At its April 2, 2012 meeting, the Ann Arbor city council voted to submit a request to the Michigan Dept. of Transportation to convert the segment of Jackson Road between Maple Road and South Revena from four traffic lanes to three. The request to MDOT will be shared with the Southeast Michigan Council of Governments (SEMCOG) and the Federal Highway Administration (FHWA). If the FHWA were to approve the proposed lane conversion, it would be implemented by MDOT, when the length of Jackson Road is resurfaced by MDOT from the I-94 interchange to Main Street in downtown Ann Arbor. That project is scheduled for 2013 or 2014.
The resolution was opposed by two councilmembers – Mike Anglin (Ward 5) and Jane Lumm (Ward 2).
Benefits of the lane conversion cited in a staff memo accompanying the resolution include: (1) safe deceleration in the middle lane for left turns; (2) elimination of lane weaving; (3) uniform speeds and the resultant traffic-calming effect; (4) reduction in number and severity of crashes in a number of categories; (5) potential extra width for bicycle lanes; and (6) potential creation of additional marked pedestrian crossings.

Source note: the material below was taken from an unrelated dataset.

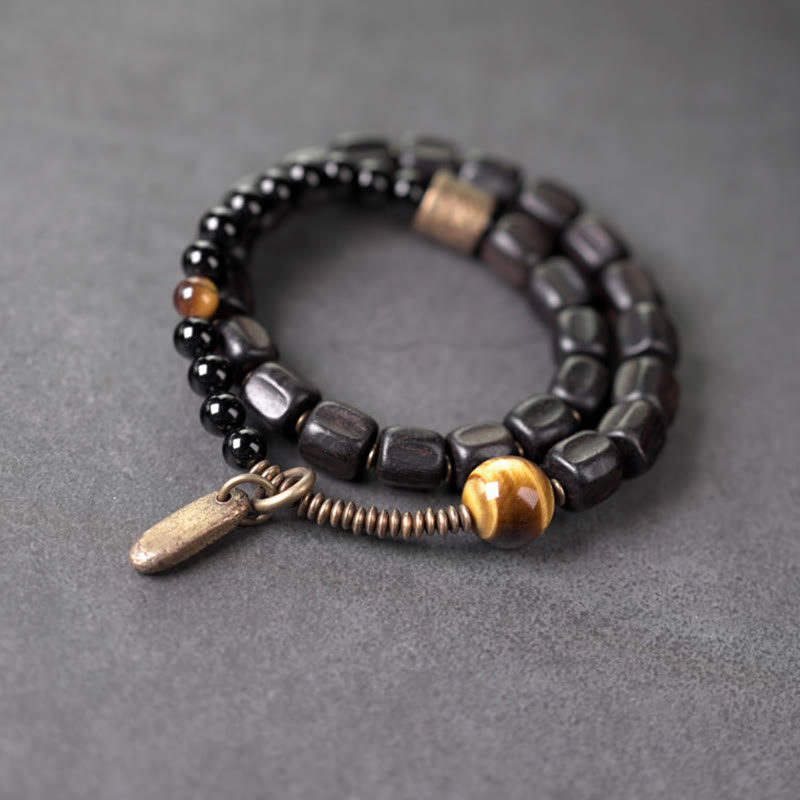 Wear FengShui Ebony Wood Copper Brass Tiger Eye Peace Double Wrap Bracelet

The memo mentions several successful 4-to-3 lane conversions in Ann Arbor: South Main (Ann-Arbor Saline to Eisenhower); Platt (Packard to Ellsworth); Packard (Stadium to Jewett); Huron Parkway (Nixon to Plymouth); West Stadium Boulevard (Seventh to Pauline); and Green (Plymouth to Glazier Way). All of those segments have an average daily traffic (ADT) flow of less than 15,000.

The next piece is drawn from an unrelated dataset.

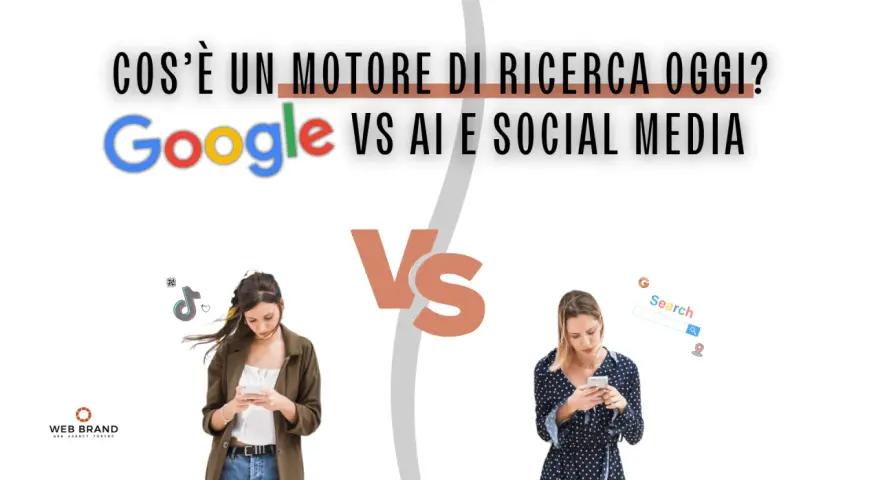 Google vs. social media: cos'è un motore di ricerca oggi? Due donne usano smartphone, una con icone social, l'altra con barra di ricerca Google.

Roadway segments with greater than 15,000 ADT, like Jackson Road with 15,500, require a greater level of analysis and public involvement. And to that end MDOT held a public meeting at Slauson Middle School on Feb. 2, 2012.
This brief was filed from the city council’s chambers on the second floor of city hall, located at 301 E. Huron. A more detailed report will follow: [link]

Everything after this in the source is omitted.